Action Speaks looks at the construct of race

Action Speaks!, the superb discussion series at AS220, returns tonight (5:30, 115 Empire St., Providence) with another provocative discussion, looking at how the US Census began in 2000 to allow people to identify themselves as being of mixed race.
For the first time, citizens of the United States were not asked to define themselves by checking a single ethnic box in the census. In all of the census counts through 1990, an individual's race was supposed to be indicated by checking only one of the boxes presumed to correspond to the main social racial categories. Thus, there was no allowance made for multiracial identification, although the category "other" was recognized in the 1980 and 1990 census and on many local record-keeping forms. Advocates worked throughout the 1990s to rescind this “one box” policy. This change will lead to a discussion of the demographics of hybridization and the hybridization of demographics at the turn of the 21st century in the U.S. and in the world. We will also look at the concept of race as a construct and the notion of racial purity.

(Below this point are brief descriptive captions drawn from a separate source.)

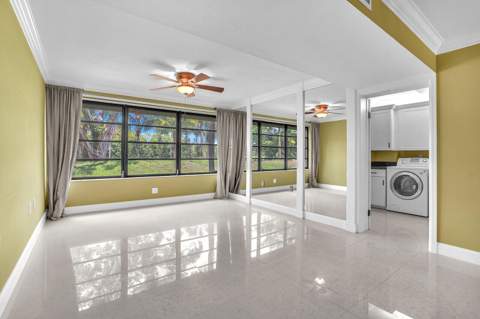 6073 Balboa Circle #105, Boca Raton FL - photo 10 of 22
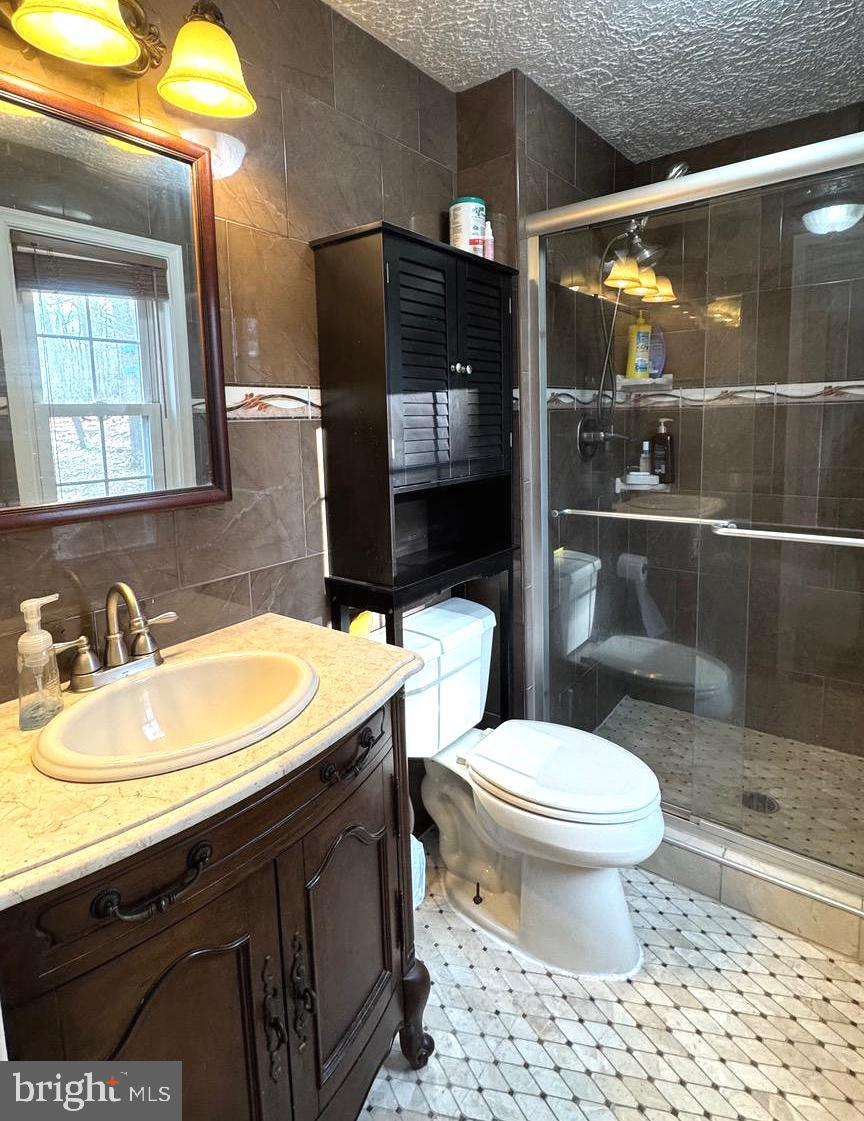 18817 Kerill Road Triangle, VA 22172 - Photo 16 of 23 a bathroom with a sink a toilet and shower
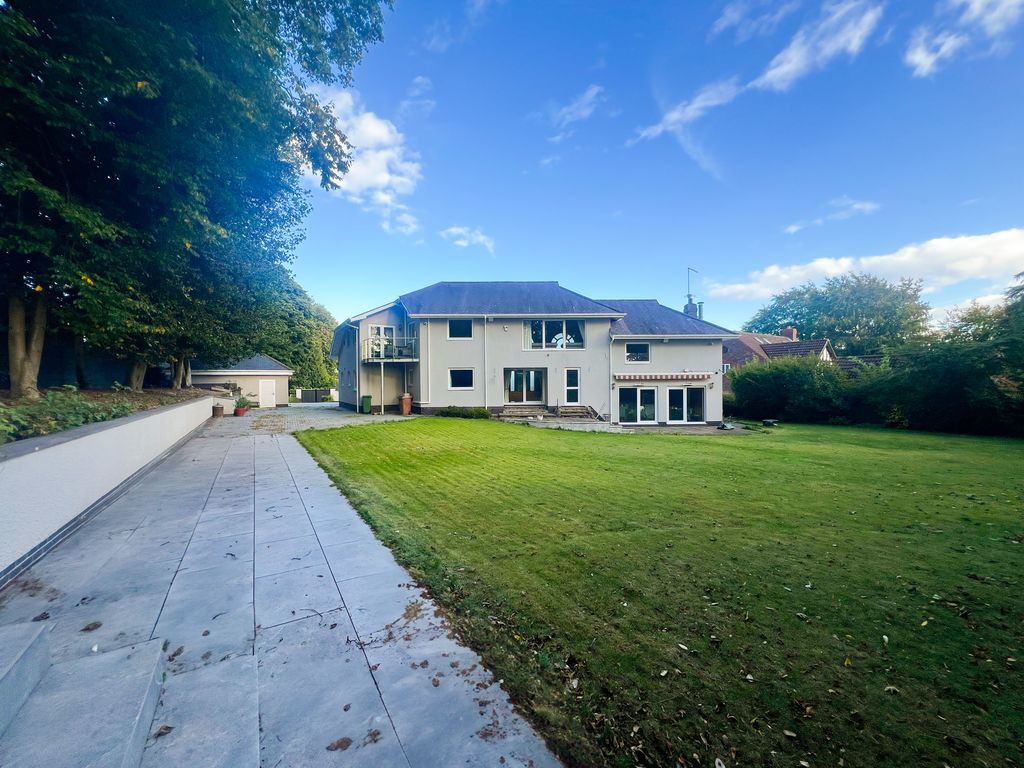 Additional image 2 of 4 bed detached house to rentSwanland Garth, North Ferriby HU14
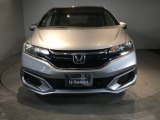 高効率なエンジンをモーターがアシストして走行中の燃費消費を抑えるハイブリッド。停車中もアイドリングストップにより燃費消費と排出ガスをなくします。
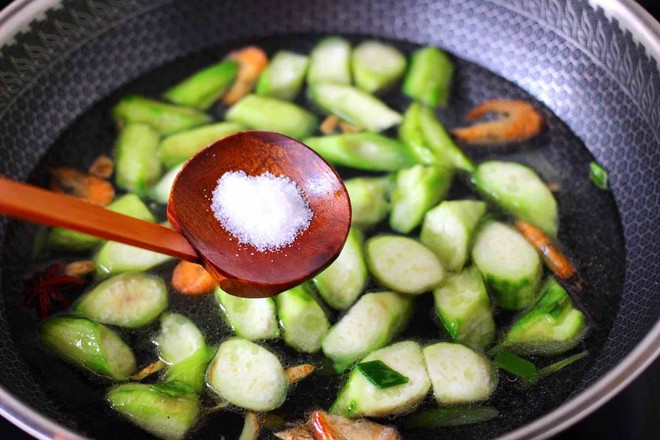 Stewed Pork Blood with Loofah and Shrimp recipe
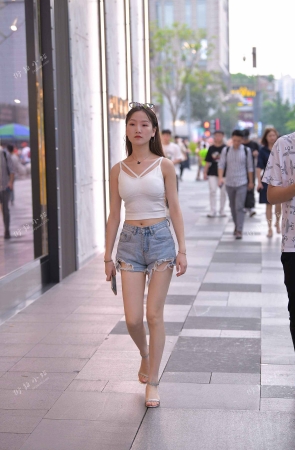 热牛美眉
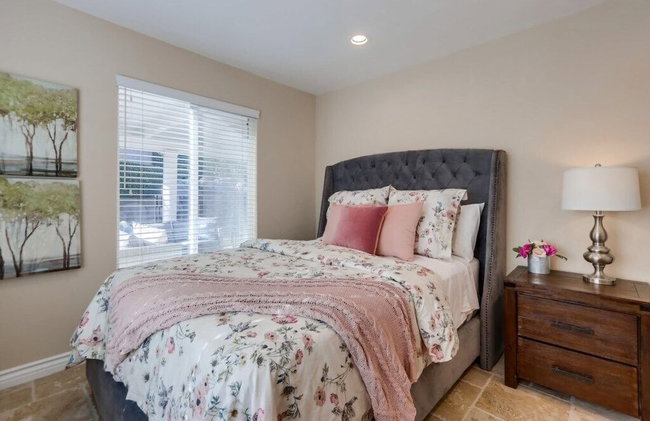 Beautiful Backyard Oasis 5 bedroom 3 Bathroom Home - Foto 11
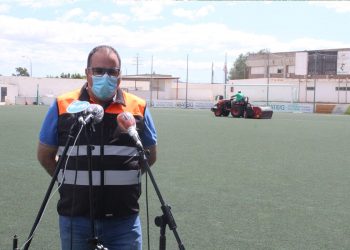 novelda-carlos-vizcaino-concejal-campo-futbol-arreglos-mayo-2020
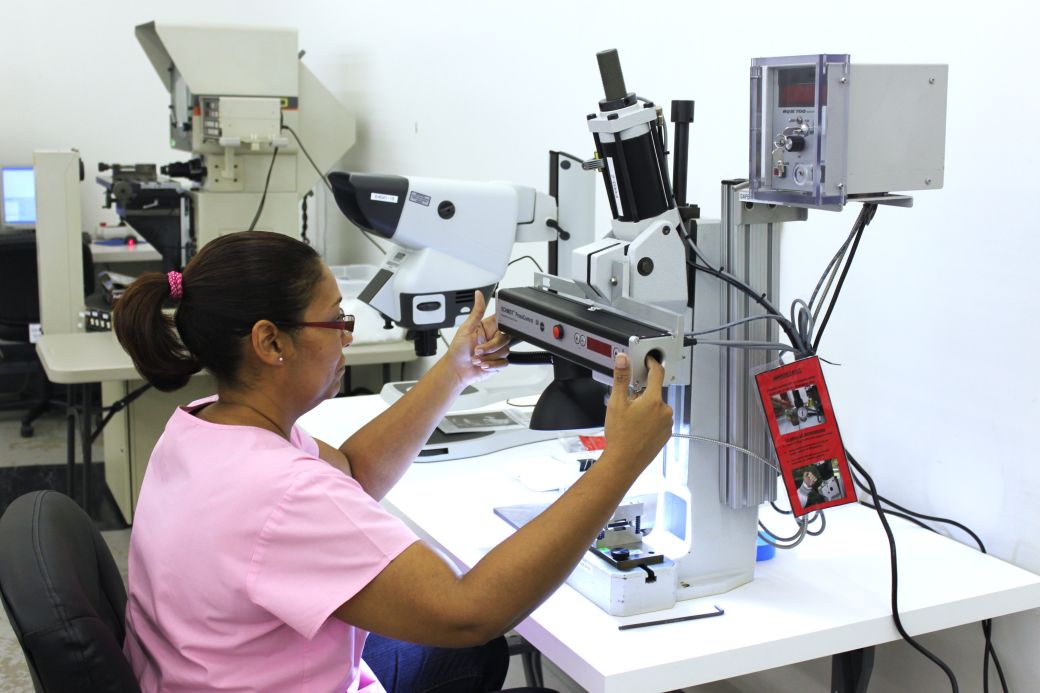 Service – Contract Manufacturing Photo
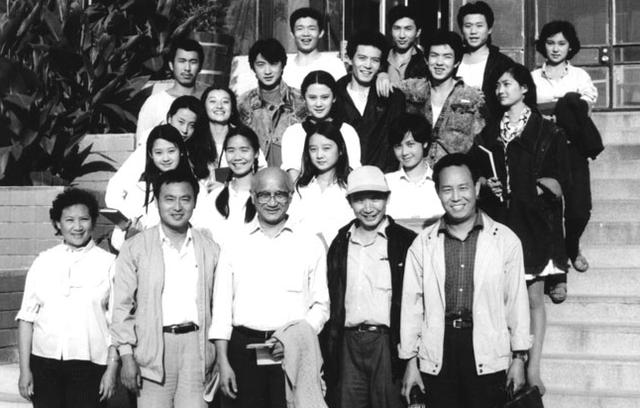 北影04届九大校花，北影33年校花回顾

One of the featured guests, Mass Art professor Noel Ignatiev, the author of How the Irish Became White, is known in part for his work with Race Traitor, a journal with the motto "Treason to whiteness is loyalty to humanity." He once explained his outlook in a New York Times' interview.
Q: You're white. Do you hate your own hide?
A: No, but I want to abolish the privileges of the white skin. The white race is like a private club based on one huge assumption: that all those who look white are, whatever their complaints or reservations, fundamentally loyal to the race. We want to dissolve the club, to explode it.
Q: What can a white person do to explode the club?
A: Be reverse Oreos. Defy the rules of whiteness -- flagrantly, publicly. When someone makes a racial slur in your presence, say ''You probably think I'm white because I look white.'' Challenge behaviors that reproduce race distinctions.
Q: You'd do this in a bar full of rednecks?
A: That depends a lot on the situation. Challenging people on their whiteness can lead to harsh confrontations, even blows. Sometimes that can't be helped. But since we don't accept labeling people, I'd ask you: What's a redneck?